If you caught only a quick glimpse at Nero, you might think he’s a bear. You certainly wouldn’t be the first. But Nero is just a fluffy black Newfoundland, and, as his friends at Salisbury Community Dog Park know, a gentle giant. 

Salisbury Community Dog Park was built in 2014 on vacant land inside Mary Peters Park. In the years since, it has become a hub for dog owners and their furry friends, who come not only from Salisbury and nearby towns like Lakeville, but from as far as New York City and Massachusetts to unleash their dogs on the acre or so of fenced-in grass.

Bill Littauer, the treasurer of the group that oversees and maintains the park, has been there since the beginning, and he says that community is key.

“Most dog parks are built by the towns or cities that they’re in. But ours relies on volunteers,” he said. “And it’s been growing. It’s been doing pretty well. It’s well supported.” 

In addition to a PayPal account, the group also has donation boxes in the park and at the local pet and liquor stores. It also sends out the occasional fundraising e-mail to its list of about 168 donors; its most recent one raised $2,800 in a week, he said. The funds go toward things like grass maintenance — mowing and reseeding — and snow plowing in the winter, as well as buying supplies like garbage bags and water for the dogs.

“Everybody pitches in when they have to,” Littauer said.

In late July, the volunteer group used some leftover funds to erect a new structure in the park: a 14-by-20-foot gazebo, which fits like a glove on a stone terrace that had been installed a few years ago to solve a drainage problem.

It came from Amazon in about a million different pieces with no written directions, Littauer said, but using an accompanying booklet of graphics and a method of trial and error, volunteers were able to assemble the gazebo in about a week.

“It’s worked out really quite well,” said Sue Reville, one of the group’s board members. “We needed something. You know, protection from the sun and the rain.” 

The gazebo provides that protection, but with no walls, it’s still open enough to let owners watch their dogs run and play. 

The land upon which the dog park sits was once a thriving resort, complete with tennis courts, a golf course, stables, a social hall and other amenities that would become standard fare for the luxurious camps of the early 20th century.

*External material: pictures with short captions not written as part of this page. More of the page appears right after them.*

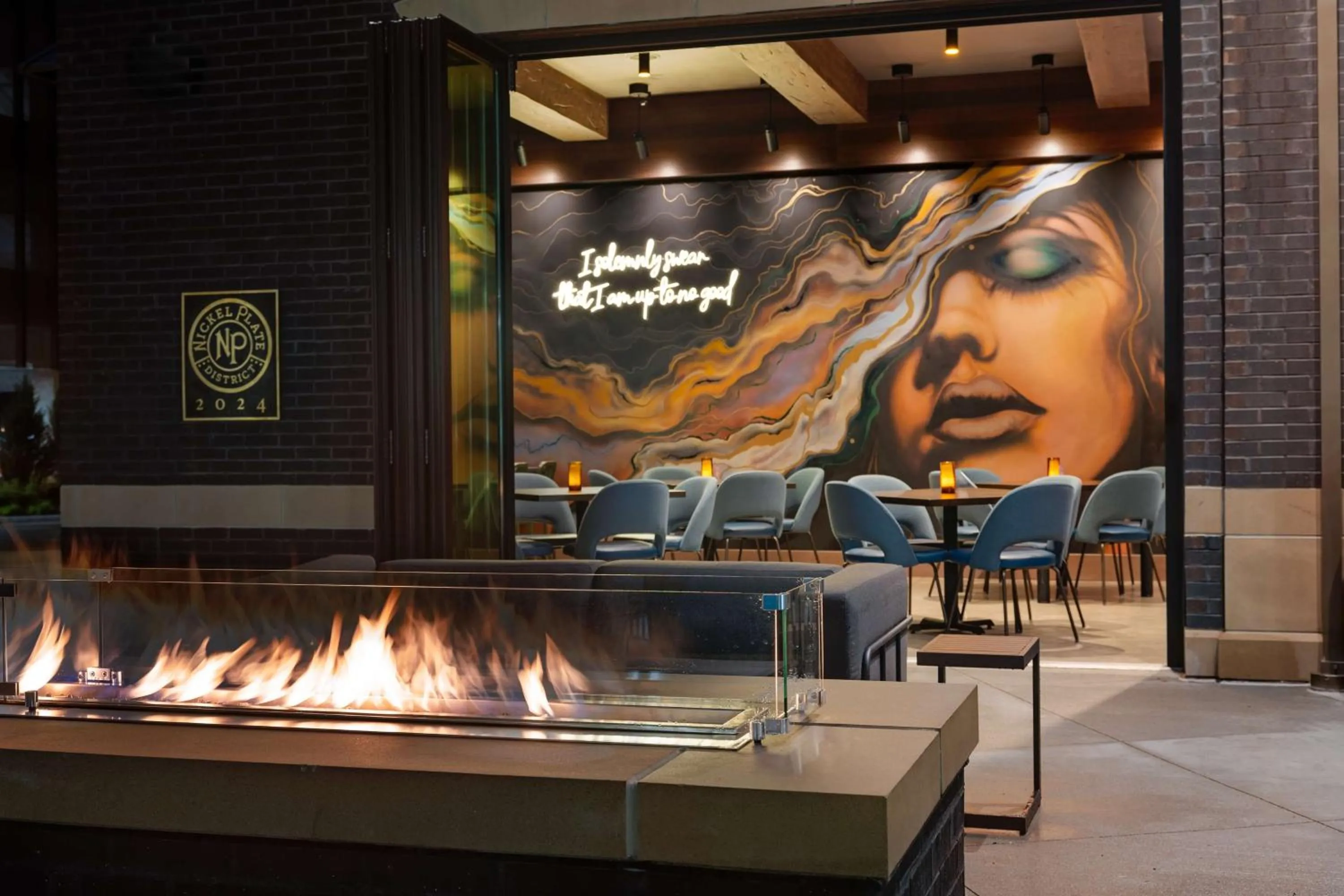 Patio in Hotel Nickel Plate Fishers, Tapestry Collection By Hilton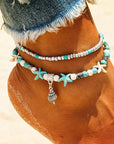 Sea Shell Beads Multilayer Anklets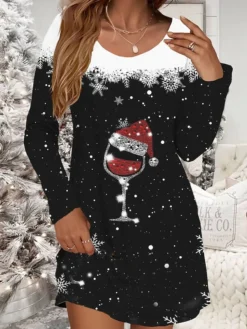 Women's Casual Dress Christmas Dress Winter Dress Christmas Hat Print V Neck Mini Dress Fashion Streetwear Outdoor Christmas Long Sleeve Loose Fit Black White Gray Fall Winter S M L XL XXL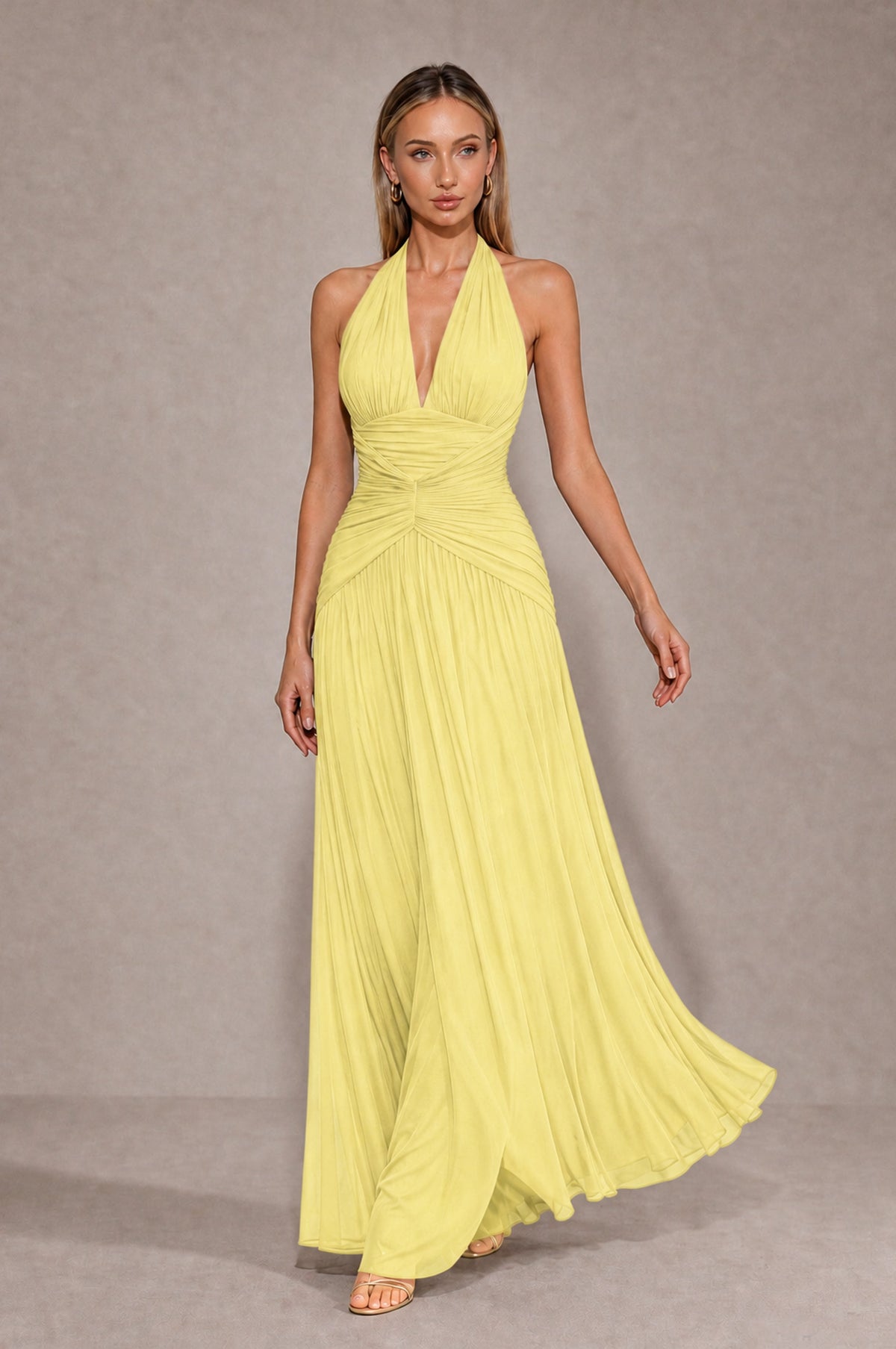 BOLODOO Daffodil Chiffon Halter Deep V-Neck Ruched A-Line Backless Maxi Dress with Train-BD0167 - Daffodil - Daffodil_4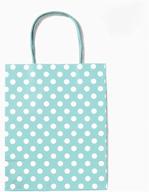 🎁 12 count mint polka dot kraft paper gift bags, 8” x 10” x 4.5", 100% recycled eco friendly paper bags with handles - thick & durable goodie bags, party bags, gift expressions logo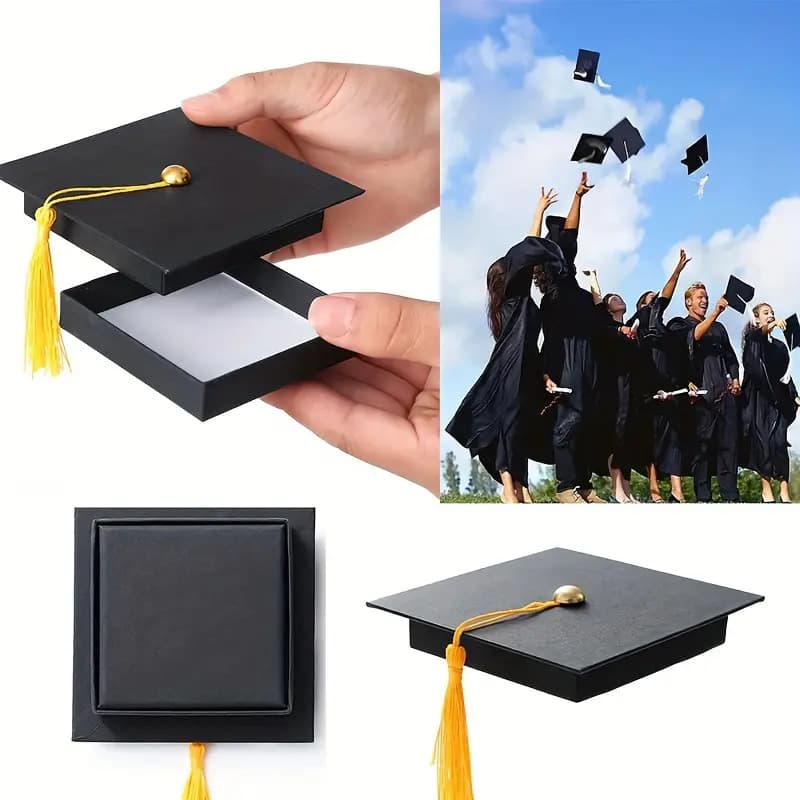 Graduation Season Mortarboard Gift Box, Teacher Appreciation Gift Packaging Box, Lid and Base Decorative Paper Box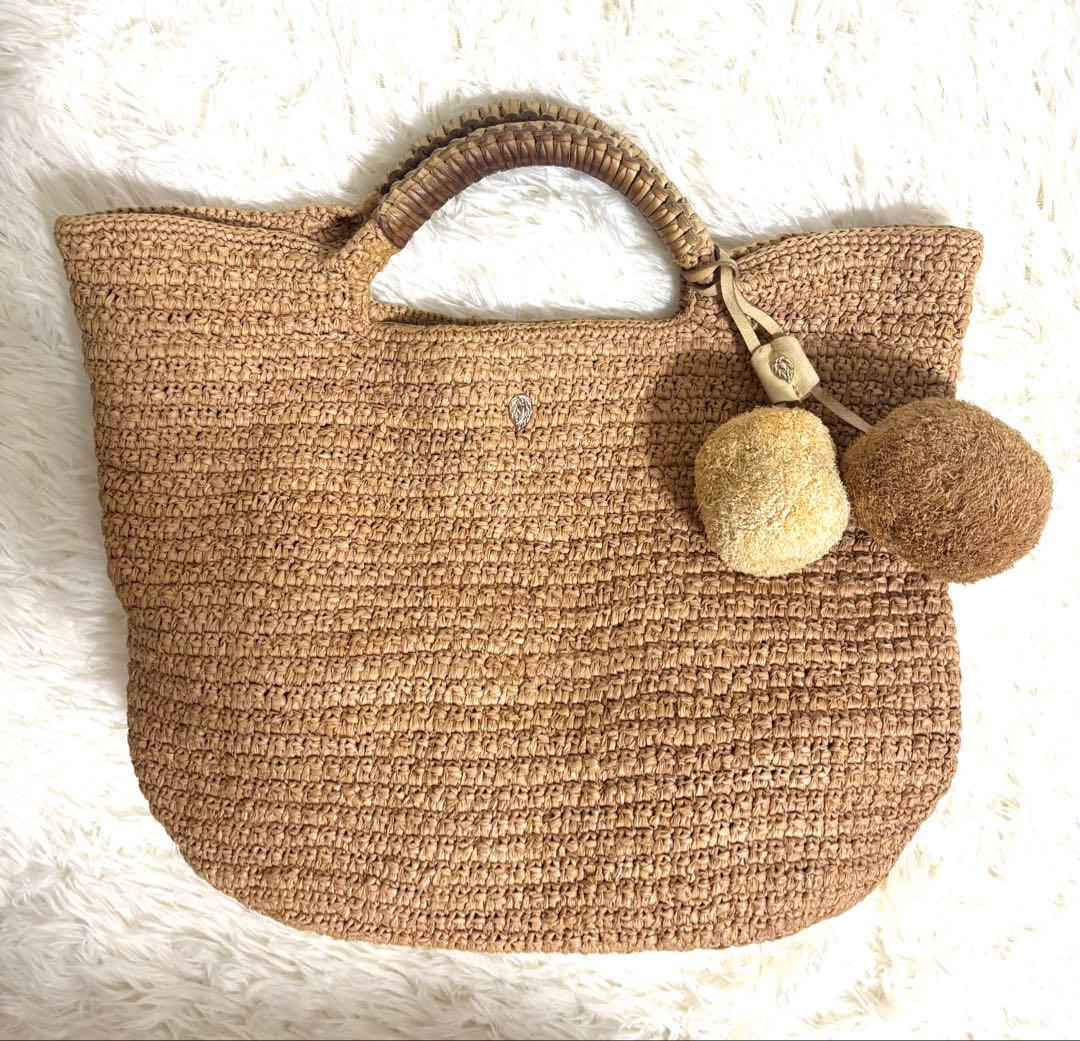 ⭐︎ヘレンカミンスキー⭐︎ ラフィア カゴバッグ チャーム付 かごバッグ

It first opened in 1917, just a week after the U.S. entered World War I, as Camp Wonoka. It would later be renamed to Cedar Hills, and then to Camp Cedars. But in 1955, what remained of the facility, withered by the Second World War, was mostly washed away in the floodwaters of back-to-back hurricanes Connie and Diane. All 90 of its buildings were damaged or destroyed, and by 1971, no trace of it remained.

Two tennis courts once occupied the space that now comprises the dog park, which offers two separate enclosures for small and large dogs respectively. Regulars gather under the new gazebo to chat while their dogs burn off excess energy chasing balls and digging holes.

“It’s definitely a community,” Reville said.

For Littauer, the most important thing is that people know the park is there, and that they’re welcome to visit.

“If we’re putting the effort into it, we want people to use it,” he said.